Un nouveau pas vient d’être franchi lors de leur 5ème sommet qui s’est tenu à Durban les 26 et 27 Mars, par le renforcement de leurs partenariats dans différents secteurs de développement et le lancement d’une idée de banque mondiale complètement indépendante de l’UE et des USA. En attendant cette banque mondiale bis, des mécanismes de transfert (swap) de devises ont pu être mis en place entre les banques centrales de certains des partenaires. Une manière de s’affranchir des devises étrangères pour toutes les transactions entre les signataires. Dans l’ensemble, tout est fait pour créer des mécanismes internes au groupe qui leur permettront de booster leurs économies et leurs investissements. L’Afrique du Sud semble, pour la première fois, être vue concrètement comme une tête de pont pour une participation conjointe des cinq au développement de l’Afrique dans son ensemble, dans une approche plus globale. Il apparait également, à travers les discours des uns et des autres, une volonté d’entente commune au sein des organismes internationaux. Leur objectif affiché et clairement exprimé est de remettre la légalité internationale au sein des relations entre états, pour garantir la souveraineté des peuples. Pour eux, la prospérité mondiale passe par des rapports d’égal à égal entre les nations.

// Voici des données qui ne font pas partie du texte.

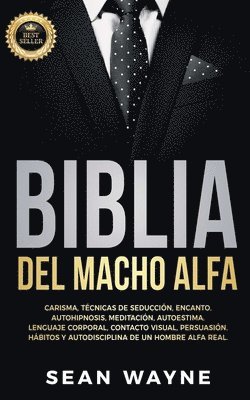 bokomslag Biblia del Macho Alfa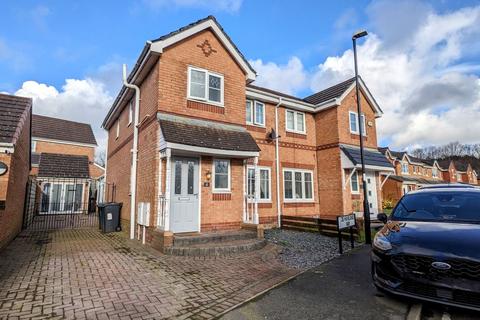 3 bedroom semi-detached house for sale, De Haviland Way, Skelmersdale WN8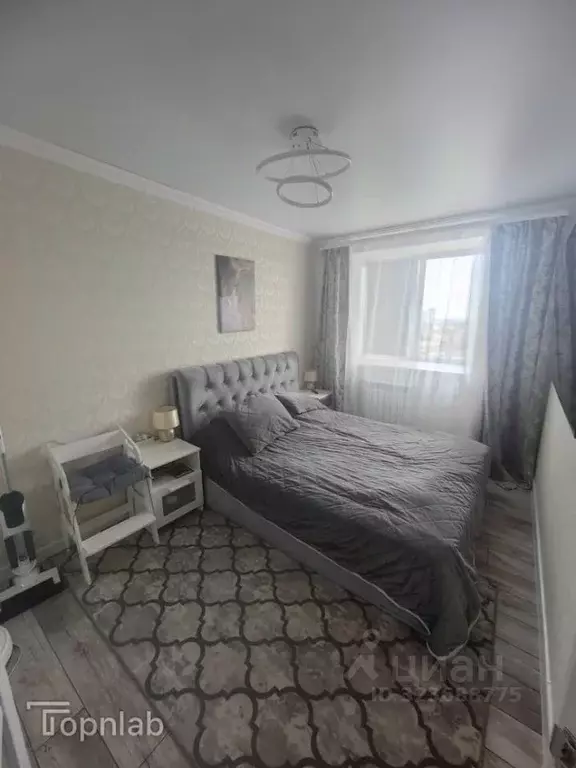 3-к кв. Саратовская область, Саратов ул. Имени Ф.А. Блинова, 52 (62.4 ... - Фото 0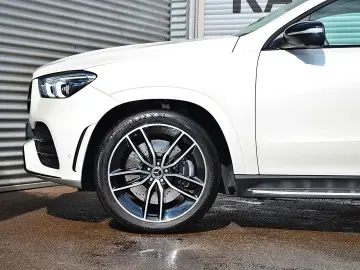 GLE 350e 4M AMG line Night/HUP/Pano/360°/KEY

A Durban, c’est un bloc qui s’affirme. Ses membres répètent à l’envie que leur bloc n’est dirigé contre personne et n’a aucune visée hostile. C’est évident dans la mesure où leurs économies respectives sont totalement imbriquées avec les autres économies du monde. Mais à y regarder de plus près, les choses se présentent d’une tout autre manière. En effet, s’émanciper de l’ordre économique mondial, c’est s’émanciper de l’ordre occidental et donc l’affaiblir. Chercher à instaurer des rapports d’égal à égal entre les états, c’est saper toutes les bases hégémoniques de l’occident qui sont le fondement même de son économie. Dans un cas comme dans l’autre, les objectifs du nouveau bloc sont antagonistes des intérêts du bloc occidental. A terme, on risque de voir s’installer une rivalité bloc contre bloc, comme au bon vieux temps de l’URSS. C’est la nature même du bloc occidental qui le veut. Jusqu’ici, l’Occident n’a pu fonctionner que sur la base de ses acquis historiques caractérisée par l’hégémonie pour laquelle le dialogue d’égal à égal n’a pas sa place. Nécessité fait loi, telle a toujours été la règle, et personne ne s’y est jamais opposé. A moins d’un bouleversement modifiant les rapports internationaux, cette vision du monde ne risque pas de changer.
Si les pays du BRICS arrivent à leurs fins, ce sera le début d’une nouvelle ère de bras de fer. D’un côté il y aura ceux pour lesquels nécessité fait loi, et de l’autre les défenseurs de la loi internationale et rien que la loi internationale.